It is in the midst of these recent developments that UTLA has also begun its support of the unionization of teachers in charter schools. Although this move by UTLA may appear contradictory to some, it actually may represent the union’s concerted political effort to immerse itself in the public-charter school debate in a more complex and multidimensional way, which is far more consistent with the concrete realities that classroom teachers – particularly teachers of color – are facing in our communities.

During the last 30 years, radical educators deeply committed to public schools have consistently opposed the privatization of education, seeking to push back and shut down widespread efforts of private foundations aimed at transforming the education of our children into a profit-making commodity and destroying the progressive ethos of public education. Nevertheless, beyond our broad-based political concerns, there also exist pesky complexities that cannot be ignored in our larger struggle for educational justice and culturally democratic education.

Unveiling Complexities

One discursive complexity that often arises is the rigid binary or dichotomous nature of public-charter debates that, given the circumstances today, is becoming more problematic and, at times, even counterproductive to larger liberating education efforts tied to educational justice within working-class communities of color. This refers, in particular, to charter schools developed by and with critical educators, parents and communities of color themselves, who infuse their educational programs and curriculum with deeply emancipatory values and culturally democratic pedagogical practices. Many of the educators establishing and working in these schools are also indisputably committed to serving the most impoverished and academically abandoned children in communities of color, stepping up consistently to engage the economic disparities and racism so rampant in our society today.

How can we structure our political arguments in ways that do not demonize teachers working in charter schools, yet still pose important and necessary critiques?

To unveil the complexity of the argument further, there is also the huge question of big business influences within public education that cannot be ignored. The inherent split between public-private economic arguments can often lead us to overlook all the backroom deals cut by public school superintendents and their administrative teams with big corporations. Some clear examples are deals cut for bringing technology into the classroom or the millions of dollars paid for testing paraphernalia and textbooks to huge corporations who peddle their wares and whose products have a direct impact on the education of our children. But there are also corporate monies that feed into public schools in a variety of ways for so-called special programming and curricular support. Not to mention the number of big business advocates who sit on public school boards and advisory committees, shaping educational policies and practices in ways that fit their own interests, rather than those of students who attend schools in these districts and even less so the interests of less affluent communities they are meant to serve.

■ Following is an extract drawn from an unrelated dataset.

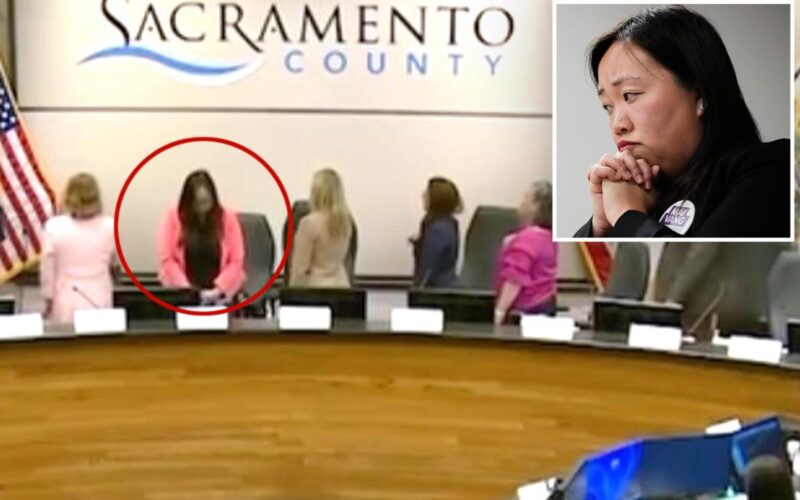 Democrat Who Turned Back on US Flag Struggles in Election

Yet, despite the seeping of corporate interests into public education, radical educators have maintained our unwavering and deeply committed advocacy to public education, given our belief that: 1) the nation-state has a fundamental responsibility to educate all our children; 2) greater public control by the community can potentially be exerted upon public education; and 3) market-based solutions and free-market logic have been shown to be far more susceptible to reproducing educational inequalities and racialized exclusions, given the absence of rigorous oversight and their profit-based priorities. Nevertheless, in the tension of today’s deeply unequal climate, we cannot pretend that there do not exist a myriad of ideological, epistemological, pedagogical and curricular evils that extend across both public and charter schools, including authoritarian banking educational practices and a high-stakes testing culture that reproduce and sustain a hidden curriculum of racism, patriarchy and class apartheid.

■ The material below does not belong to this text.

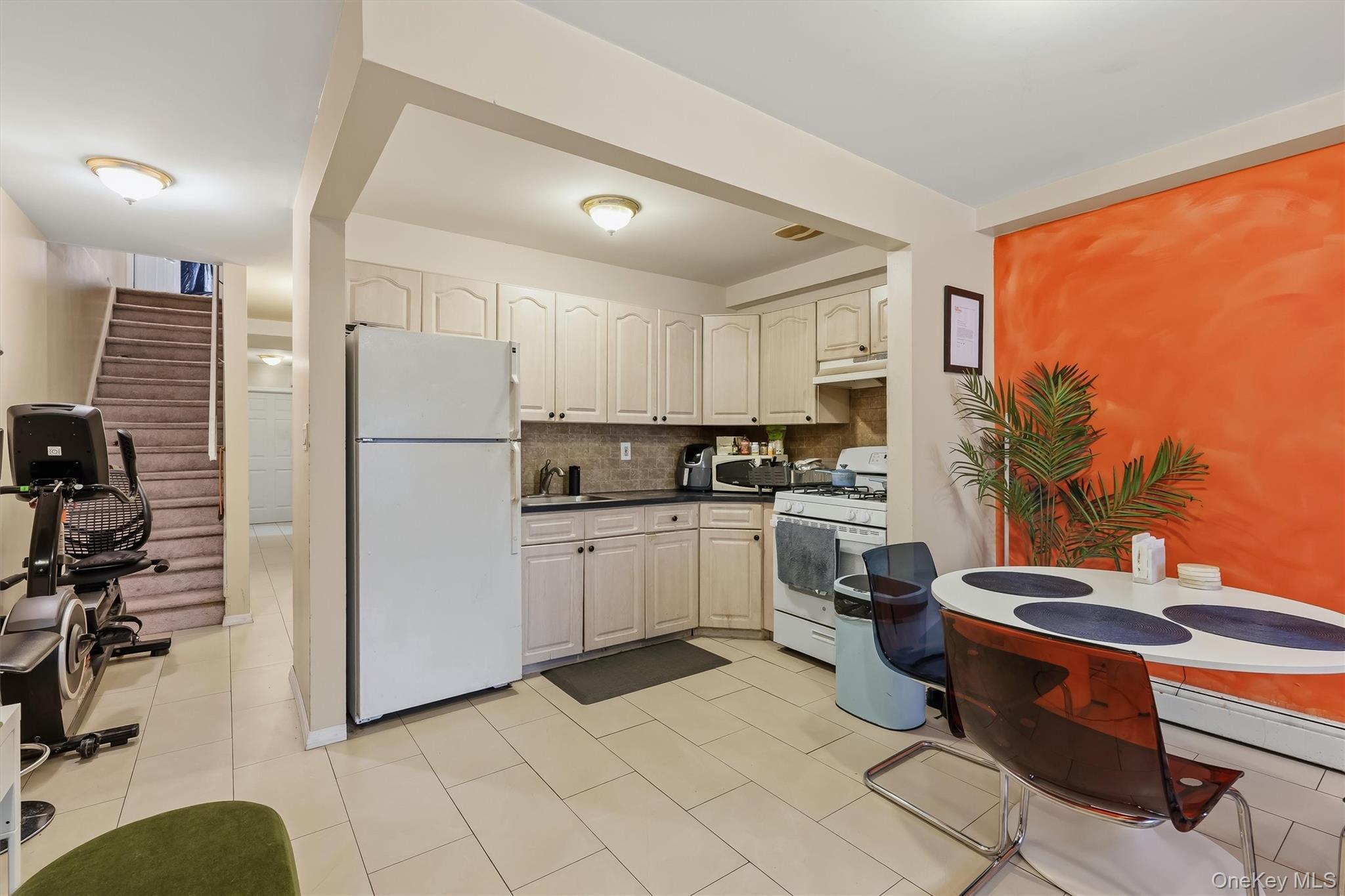 Single Family E 215th Street Bronx, NY 10467, MLS-1025183-35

Acknowledging Shared Commitments

Similarly, in all settings across the educational spectrum, whether public or charter, we find excellent teachers who share an uncompromising pedagogical and political commitment to the creation of a more just world. This, of course, is why schools like Chula Vista Learning Community Charter in San Diego, La Escuela Freire Academy in Santa Ana, Academia Semillas del Pueblo in Los Angeles or Roses in Concrete Community School in Oakland, for example, must cause us to pause and think more critically about the manner in which we express and live our revolutionary politics, when it comes to the education of historically oppressed communities.

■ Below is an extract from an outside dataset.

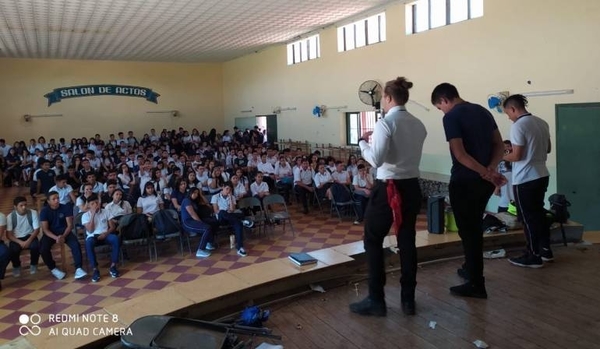 HOY / En asamblea, estudiantes coinciden en culpar a Petta por crisis educativa y anuncian movilizaciones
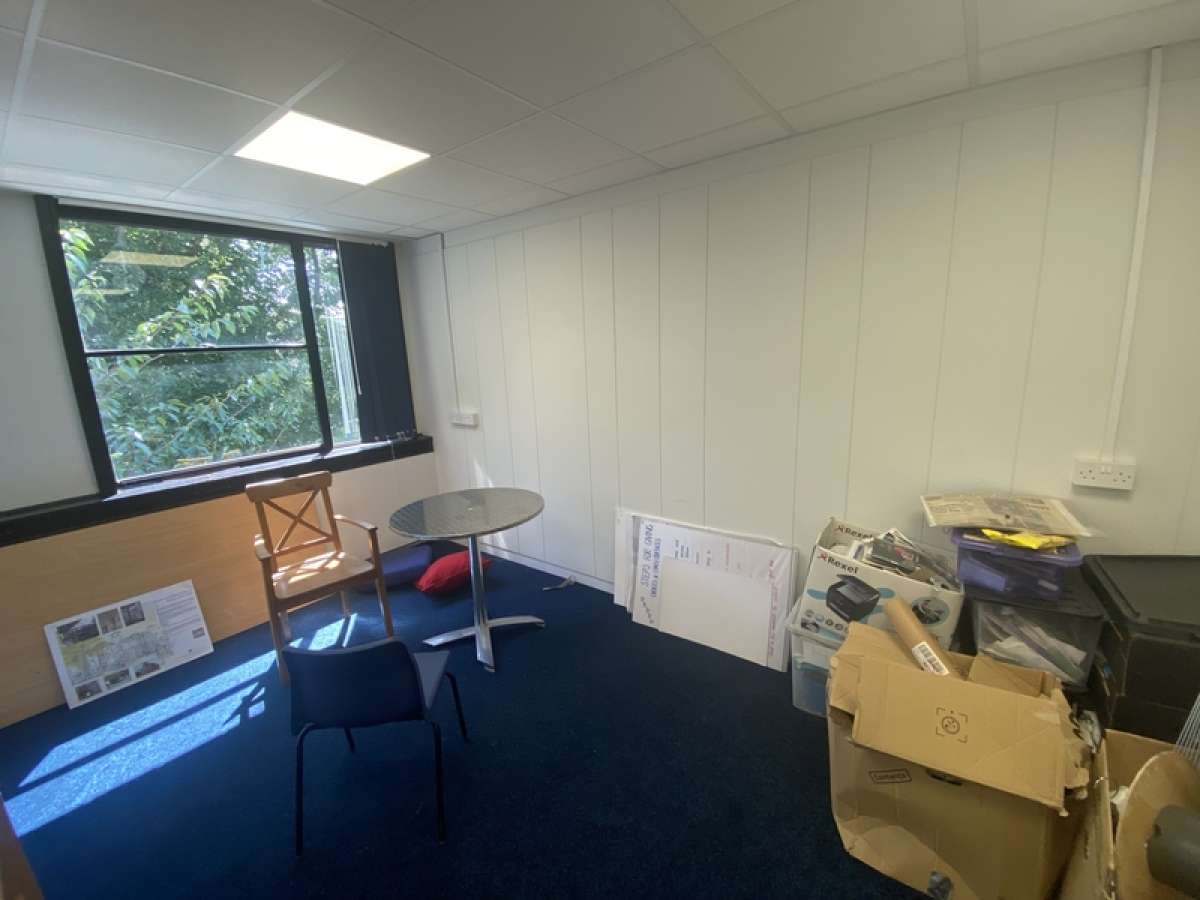 Office in Bilston - photo 4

The most emancipatory response to neoliberal educational policies and practices today still remains concerted opposition to private elite interests.

In a sense, UTLA’s leadership must take on the increasing complexity of the public-charter school debate, in its effort to stave off the encroaching privatization of education in Los Angeles while simultaneously providing support for the teacher unionization of charter schools in Los Angeles County. We must all adopt a similar willingness to engage tough emerging political questions in the larger effort to build an emancipatory educational movement in the United States. This requires us to ask, for example: How can we structure our political arguments in ways that do not demonize teachers working in charter schools, yet still pose important and necessary critiques? How do we respect and engage charter school teachers in solidarity as cultural workers, who are also struggling in whatever ways that are open to them to serve our communities? How do we engage all teachers politically in the larger anti-capitalist, anti-racist and anti-imperialist struggles, both domestically and internationally?

Of particular concern, then, are charter school educators of color working in our own communities – many who have faced acute racism, been pushed out or simply been unable to persist within some very authoritarian contexts of public schools, which can dehumanize students and teachers, alike. While it is true that at times their move to a charter school does not prove to be less authoritarian, there are instances where these teachers have found or created a culture where inclusiveness and empowering conditions have become the norm.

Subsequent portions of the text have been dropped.